D.B. Sweeney: Beyond ‘Toe Pick’
29 Jul, 2010 By: Chris Tribbey
Quick: You’re a first-time director, producing your own film, the budget is super tight, and you need 1,000 unpaid extras for scenes inside Qualcomm Stadium in San Diego. What do you do?
Easy: Have hockey legend Wayne Gretzky recruit fans getting out of their cars, offering Coors Lights and a free T-shirts. Works every time.
That was the scenario a few years back when actor D.B. Sweeney was filming his road-trip buddy movie Two Tickets to Paradise. The film, starring Sweeney, John C. McGinley (“Scrubs”), Ed Harris (Gone Baby Gone) and Moira Kelly (“One Tree Hill”), sees three friends stuck in a middle-aged rut until one of them wins tickets to the college football national championship. But getting to Florida from Philadelphia is harder than it sounds.

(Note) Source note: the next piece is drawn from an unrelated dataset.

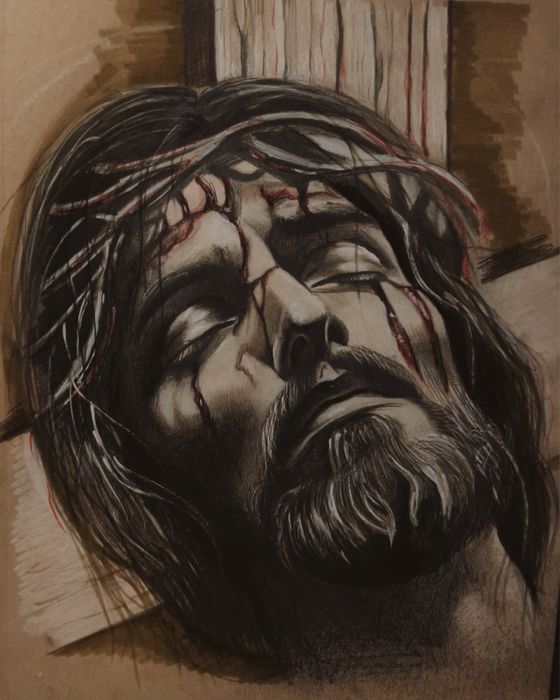 Portrete in creion si grafit alb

Paramount Home Entertainment gives the film a DVD re-release Sept. 14 (preorder Aug. 3). List price is $14.99, and the DVD includes a commentary, outtakes and deleted scenes. First Look released it first in 2008.
Perhaps best known for his roles as Shoeless Joe Jackson in Eight Men Out and the abducted lumberjack from Fire in the Sky (though he says to this day he can’t walk into an airport without hearing a few The Cutting Edge “Toe Pick” taunts), Sweeney found his first time directing to be just a bit challenging.
“It was the greatest experience in the world, but difficult,” he said. “The hardest part of directing is that I was also producing, so you want to do [reshoots] but then you look at the costs. I would love to direct again with a really strong producer with more money to work with.”
To help get the film done, Sweeney called in every favor he could: McGinley and Sweeney have been friends dating back to film school, Kelly co-starred with Sweeney in The Cutting Edge, Sweeney’s brother-in-law donated 1,000 T-shirts, Coors donated beer, and Sweeney’s friends Gretzky and hockey star Chris Chelios (godfather to Sweeney’s son) could be found on the set daily.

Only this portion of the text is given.